Manjurul Ahsan Munshi is a former Bangladesh Nationalist Party politician who served as the Jatiya Sangsad member from Comilla-4 constituency in the 5th, 6th, 7th and 8th parliament.

==Career==
In April 2006, Comilla district court stayed the six-month imprisonment sentence against Munshi in a contempt of court case. In February 2007, Bangladesh Army-led forces detained 14 Bangladesh Nationalist Party politicians, including Munshi, for their alleged links with crime and corruption. In October, a special court sentenced Munshi to 13 years in jail for acquiring wealth illegally and concealing information on his property. He was released in November 2008 on a High Court bail from the Dhaka Central Jail. In January 2009, a magistrate court sentenced another seven and a half years' imprisonment to him for violating code of electoral conduct during the polling on 29 December 2008.

In June 2011, following an appeal by Munshi, the High Court acquitted Munshi of the corruption charges. After hearing the Anti-Corruption Commission's appeal, the Supreme Court, in February 2015, scrapped the verdict of acquittal and directed the High Court to rehear the appeal of Munshi. But in May 2017, the High Court upheld its verdict acquitting Munshi of charges related to acquiring wealth illegally and concealing information of his property.

==Personal life==
Munshi is married to Mazeda Ahsan. Together they have two sons, Rizviul Ahsan Munshi and Rizwanul Ahsan Munshi.

== Nomination Cancellation Controversy ==
In the 2026 Bangladeshi general election, Manjurul Ahsan Munshi received the nomination of the Bangladesh Nationalist Party for the Comilla-4 constituency. During the preliminary scrutiny, the concerned Returning Officer declared his nomination valid, however, rival candidate Hasnat Abdullah appealed to the Election Commission, alleging that Munshi had concealed information regarding loan default. Following the hearing, the Commission declared Munshi’s nomination invalid.

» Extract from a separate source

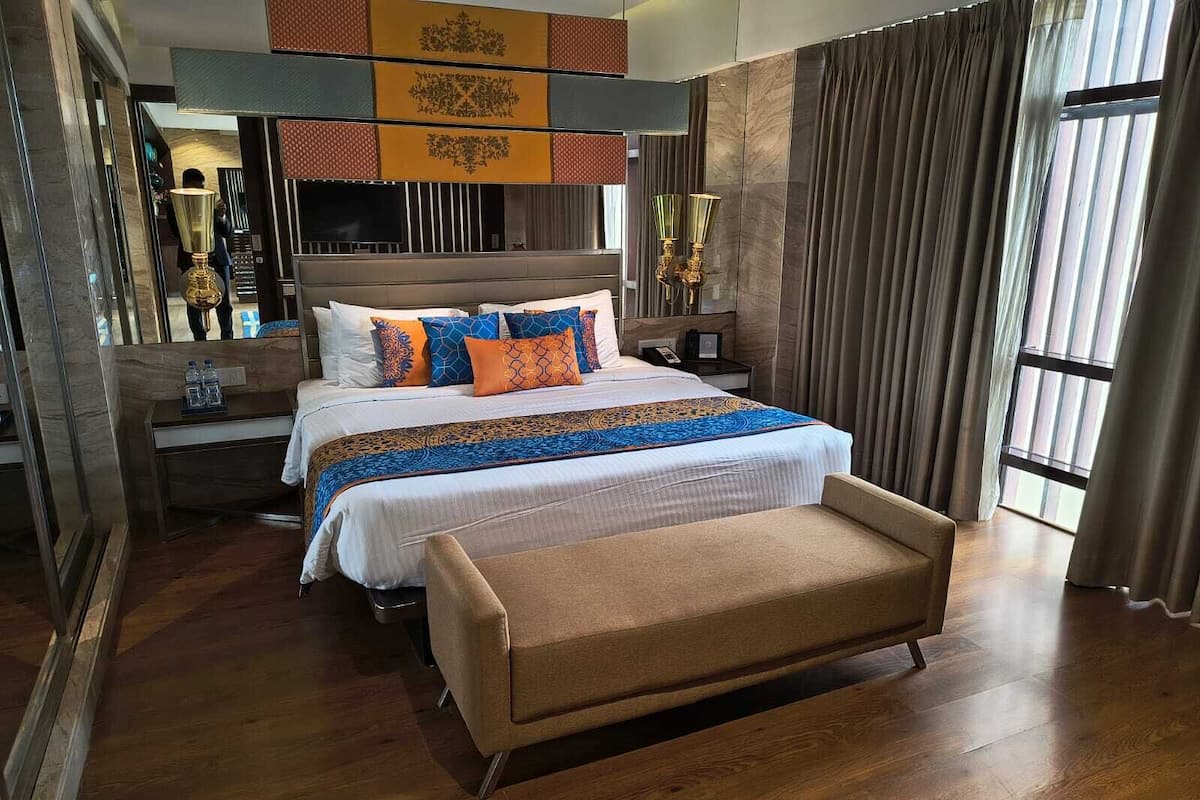 Quarto de hotel com uma cama grande, uma mesa de cabeceira, um banco e uma janela ampla com cortinas.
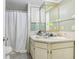 A practical bathroom featuring double sinks, tiled shower with shower curtain, and ample lighting at 10565 Bessemer St, New Port Richey, FL 34654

Munshi challenged the decision by filing writ petitions with the High Court Division and the Appellate Division of the Supreme Court of Bangladesh; however, both petitions were dismissed, rendering him ineligible to contest the election from the Comilla-4 constituency.

== Expulsion from BNP ==
In February 2026, Munshi was expelled from the BNP after a video circulated in which he was heard threatening voters during the campaign for the 2026 Bangladeshi general election. The party stated that his remarks and actions were "against party policy, ideals, and organization."